* **Exercise objective**: Down to the last line, restate the records below word for word, dropping every image.

Short descriptive text snippets:
——

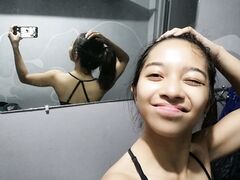 Nudes of amateur Asian babe with braces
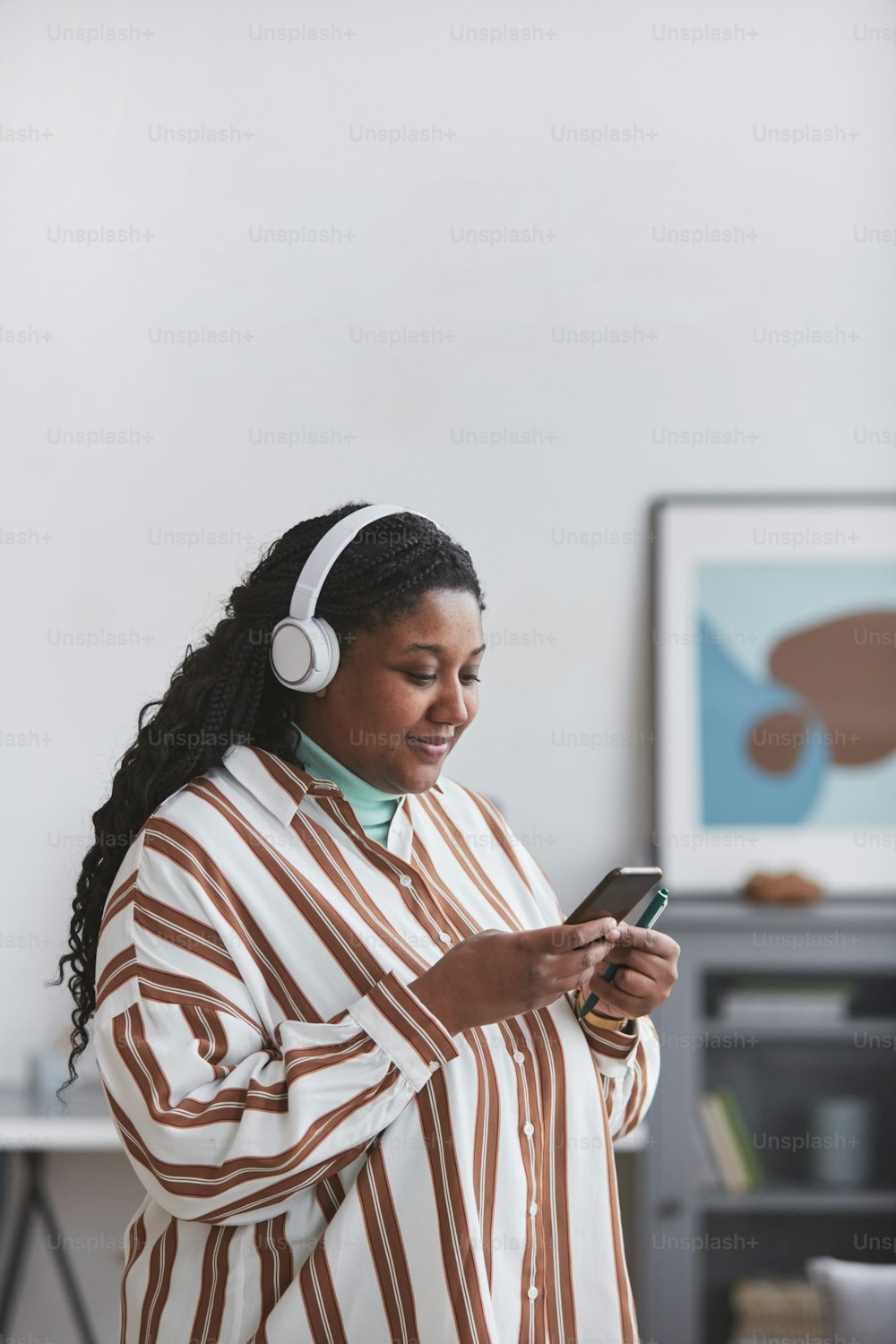 Minimales Porträt einer kurvigen Afroamerikanerin, die Kopfhörer trägt und Musik über das Smartphone in hellem Wohnraum genießt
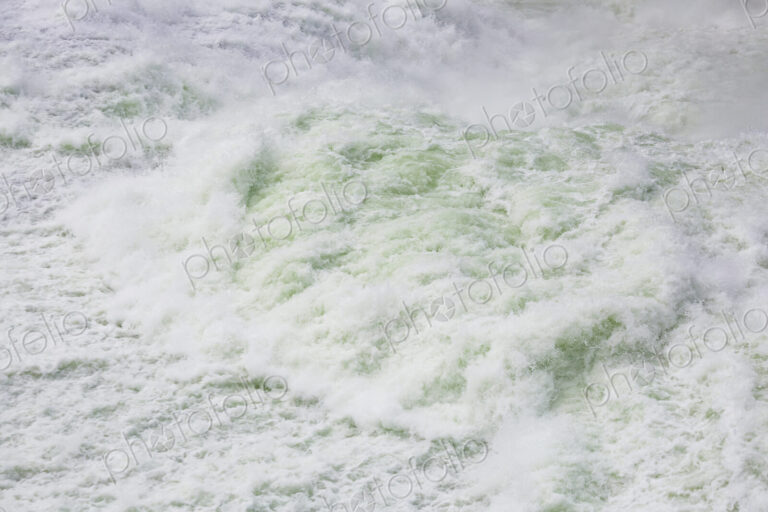 View from above of the torrents of the Spokane Falls, full frame, white water.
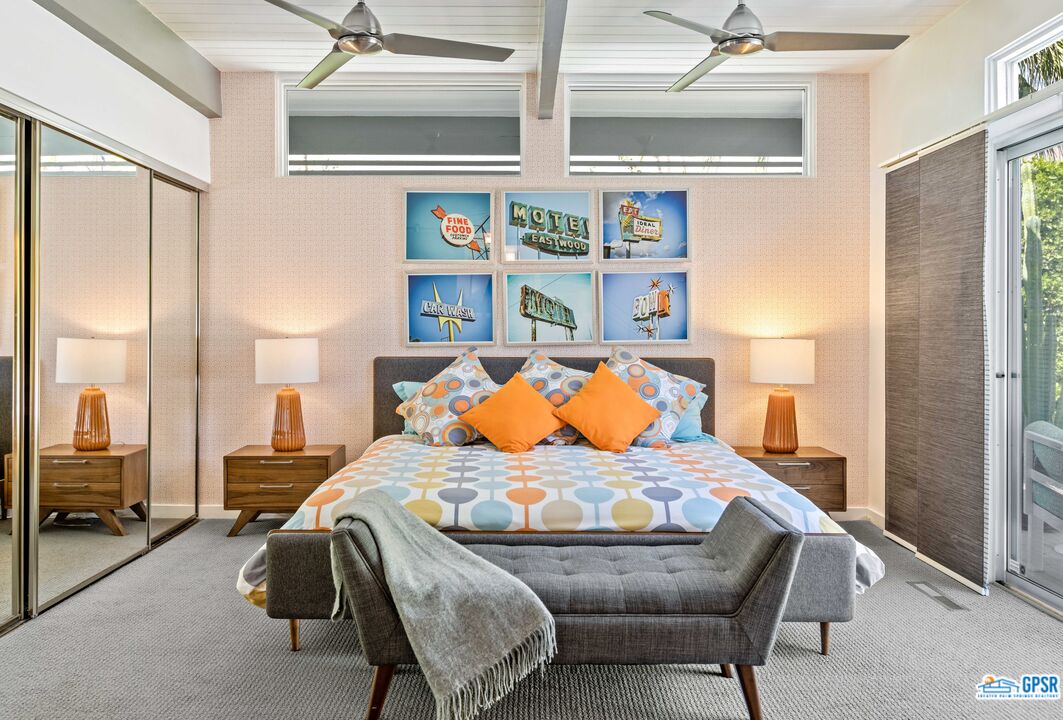 1008 Apache Road Palm Springs, CA 92264 - Photo 20 of 55 a bedroom with a bed and wooden floor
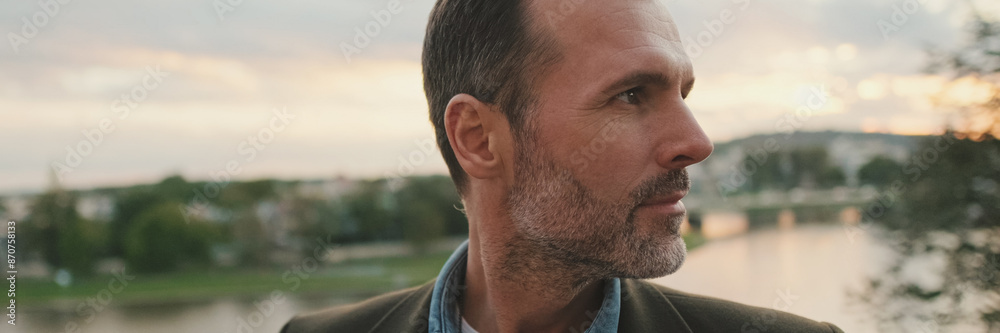 Fototapeta premium Man looks around standing against the background of the river, panorama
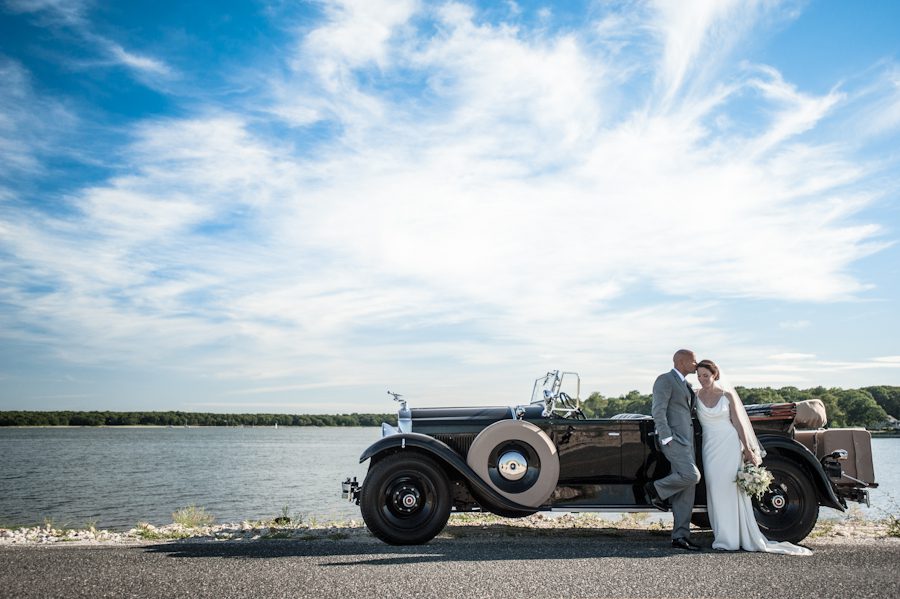 Bride and groom stand by their antique car on the causeway, en route to their wedding reception at the Rams Head Inn on Shelter Island, NY.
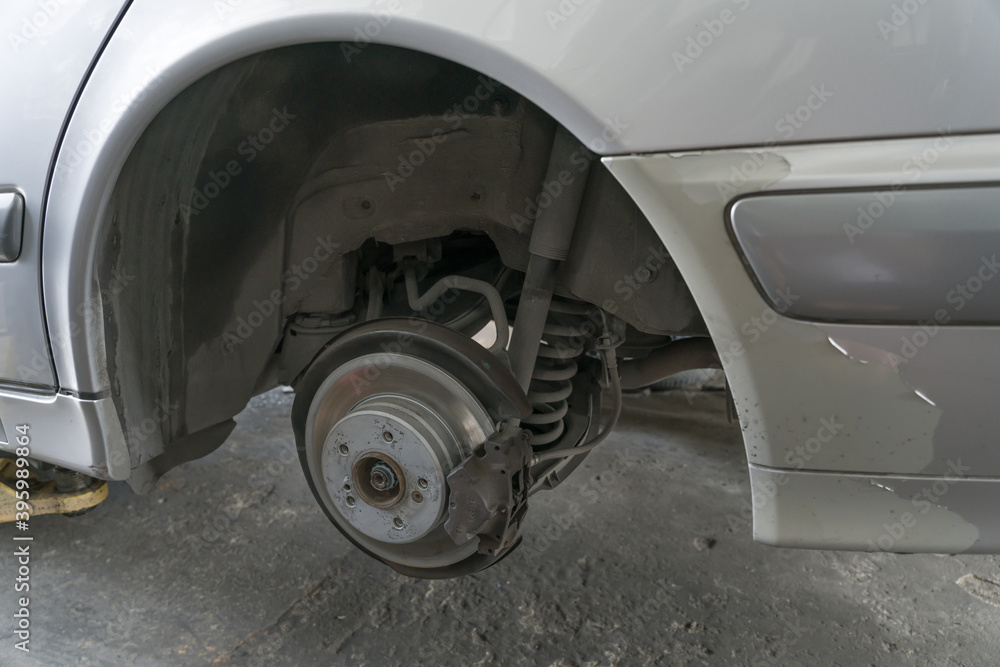 Φωτογραφία Passenger car on lifter in garage for inspect or service rear suspension and disc brake, caliper, lining, bush, tie rod, bearing and shock absorber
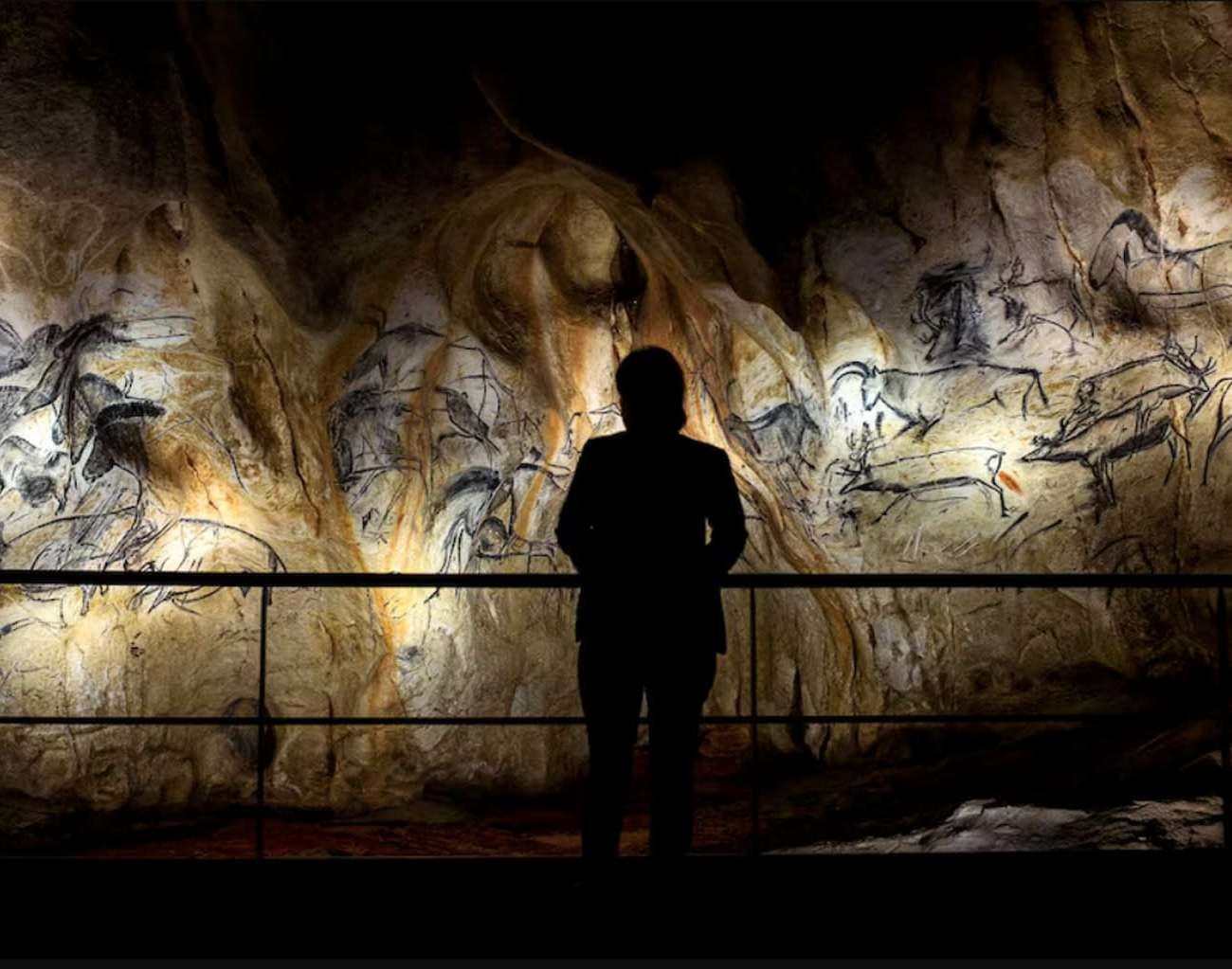 Visiteur en silhouette face aux fresques rupestres éclairées de la reconstitution de la grotte Chauvet, conception lumière Ponctuelle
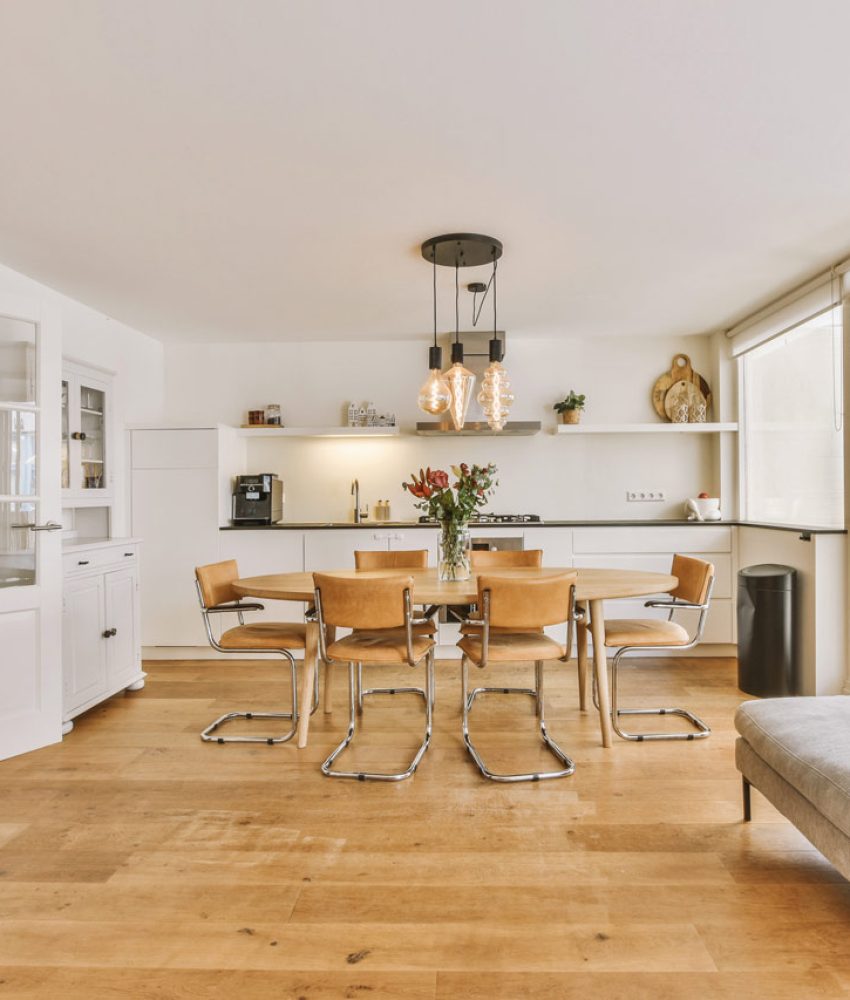 Modern dining and living area with a minimalist design, featuring wooden furniture, large windows, and a spacious layout that maximizes natural light.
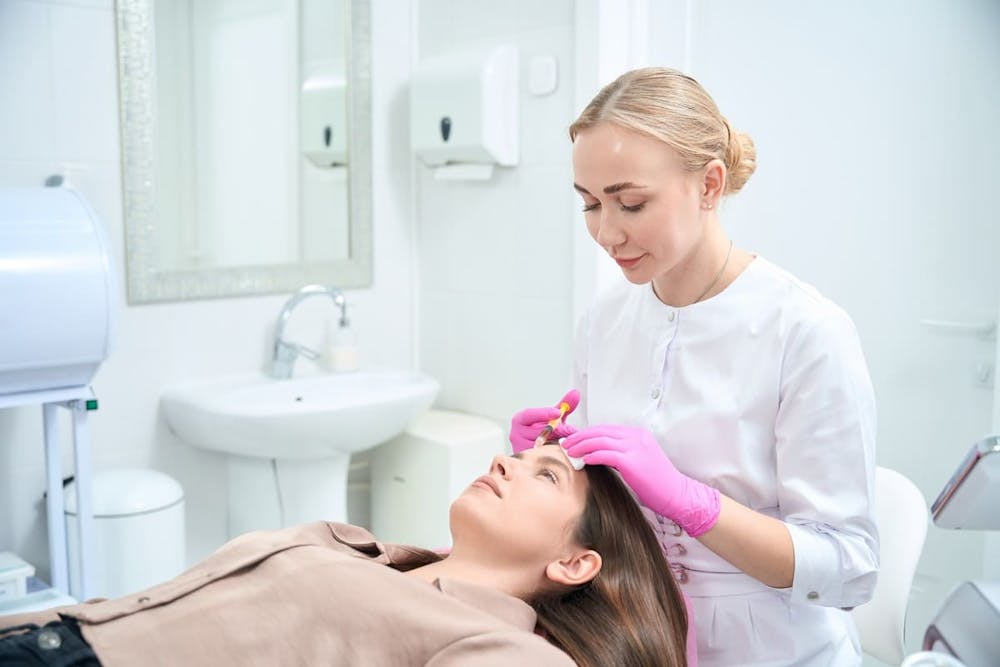 woman getting forhead treatment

——

* **Reply to the exercise**:
 Nudes of amateur Asian babe with braces
 Minimales Porträt einer kurvigen Afroamerikanerin, die Kopfhörer trägt und Musik über das Smartphone in hellem Wohnraum genießt
 View from above of the torrents of the Spokane Falls, full frame, white water.
 1008 Apache Road Palm Springs, CA 92264 - Photo 20 of 55 a bedroom with a bed and wooden floor
 Fototapeta premium Man looks around standing against the background of the river, panorama
 Bride and groom stand by their antique car on the causeway, en route to their wedding reception at the Rams Head Inn on Shelter Island, NY.
 Φωτογραφία Passenger car on lifter in garage for inspect or service rear suspension and disc brake, caliper, lining, bush, tie rod, bearing and shock absorber
 Visiteur en silhouette face aux fresques rupestres éclairées de la reconstitution de la grotte Chauvet, conception lumière Ponctuelle
 Modern dining and living area with a minimalist design, featuring wooden furniture, large windows, and a spacious layout that maximizes natural light.
 woman getting forhead treatment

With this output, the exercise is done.